Kezia Dugdale said the new rule would “dispense with austerity” in Scotland by ensuring that spending on public services rose in real terms. The principle would be enshrined in legislation and would last until at least the next UK general election in 2020.

After making the commitment in her speech to the party's spring conference in Glasgow, the Scottish Labour leader threw down the gauntlet to the SNP, telling delegates that if Nicola Sturgeon's party did not match the pledge then its anti-austerity stance would be “exposed as false”.

“We will end austerity in Scotland,” she said. “This pledge will set simple fiscal principles for our parliament’s new financial powers. It will set out what a Scottish Government has to do to take a different path from Tory austerity. It won’t be prescriptive about what the next government spends: it will simply set out the path that must be followed in order to dispense with austerity and invest in our economy.”

Accusing the SNP of being “too comfortable” and “too cautious” in power, she said Ms Sturgeon had positioned herself as “the great anti-austerity alternative” during last year's general election campaign but had later passed on Westminster-led cuts to Scotland's public services.
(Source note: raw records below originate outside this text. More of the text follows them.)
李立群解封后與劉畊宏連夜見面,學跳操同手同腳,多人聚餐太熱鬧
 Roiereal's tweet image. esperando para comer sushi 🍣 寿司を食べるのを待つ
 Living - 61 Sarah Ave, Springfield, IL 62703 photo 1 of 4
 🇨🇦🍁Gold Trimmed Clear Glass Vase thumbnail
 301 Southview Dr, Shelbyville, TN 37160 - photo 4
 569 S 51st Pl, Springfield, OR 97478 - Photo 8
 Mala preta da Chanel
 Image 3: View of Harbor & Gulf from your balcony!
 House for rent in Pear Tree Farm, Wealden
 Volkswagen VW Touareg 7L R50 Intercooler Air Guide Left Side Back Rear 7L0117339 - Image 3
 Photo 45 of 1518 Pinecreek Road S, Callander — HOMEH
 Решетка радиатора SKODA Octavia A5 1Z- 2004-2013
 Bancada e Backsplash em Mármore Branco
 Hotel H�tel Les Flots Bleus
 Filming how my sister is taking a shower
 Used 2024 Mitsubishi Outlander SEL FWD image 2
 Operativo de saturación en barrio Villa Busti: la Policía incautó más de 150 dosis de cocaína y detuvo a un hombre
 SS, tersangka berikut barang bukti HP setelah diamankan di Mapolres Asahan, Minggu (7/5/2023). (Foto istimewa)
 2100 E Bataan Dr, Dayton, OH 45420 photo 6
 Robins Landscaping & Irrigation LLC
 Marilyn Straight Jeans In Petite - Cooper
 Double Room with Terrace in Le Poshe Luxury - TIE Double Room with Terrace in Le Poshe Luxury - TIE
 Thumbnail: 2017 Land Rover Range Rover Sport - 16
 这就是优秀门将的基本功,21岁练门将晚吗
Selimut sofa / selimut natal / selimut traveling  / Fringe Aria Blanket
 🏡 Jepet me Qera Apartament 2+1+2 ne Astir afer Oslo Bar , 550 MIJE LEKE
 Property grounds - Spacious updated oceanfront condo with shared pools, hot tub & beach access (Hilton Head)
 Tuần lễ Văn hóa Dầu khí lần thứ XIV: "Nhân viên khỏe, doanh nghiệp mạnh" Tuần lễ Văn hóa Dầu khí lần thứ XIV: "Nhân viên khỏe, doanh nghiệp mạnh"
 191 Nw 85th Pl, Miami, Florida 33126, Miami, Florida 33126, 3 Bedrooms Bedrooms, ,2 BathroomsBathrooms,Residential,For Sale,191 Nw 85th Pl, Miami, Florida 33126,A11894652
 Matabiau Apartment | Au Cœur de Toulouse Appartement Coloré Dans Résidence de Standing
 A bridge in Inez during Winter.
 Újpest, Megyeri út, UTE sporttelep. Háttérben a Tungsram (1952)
Addressing Scotland's undecided voters, she added: “If you want more accountable government, more radical government, if you want a government that is less interested in taking selfies and more interested in taking on the establishment, then consider giving your first or second votes to the Labour Party.”

Scottish Labour has a mountain to climb if it is to defeat the SNP in May, with opinion polls suggesting that Ms Sturgeon's party is on course to win a historic third term at Holyrood. In a sign of her party's reduced status in Scotland, Ms Dugdale delivered her speech to a hall which seated less than 400 people: last week's SNP conference attracted more than 3,000.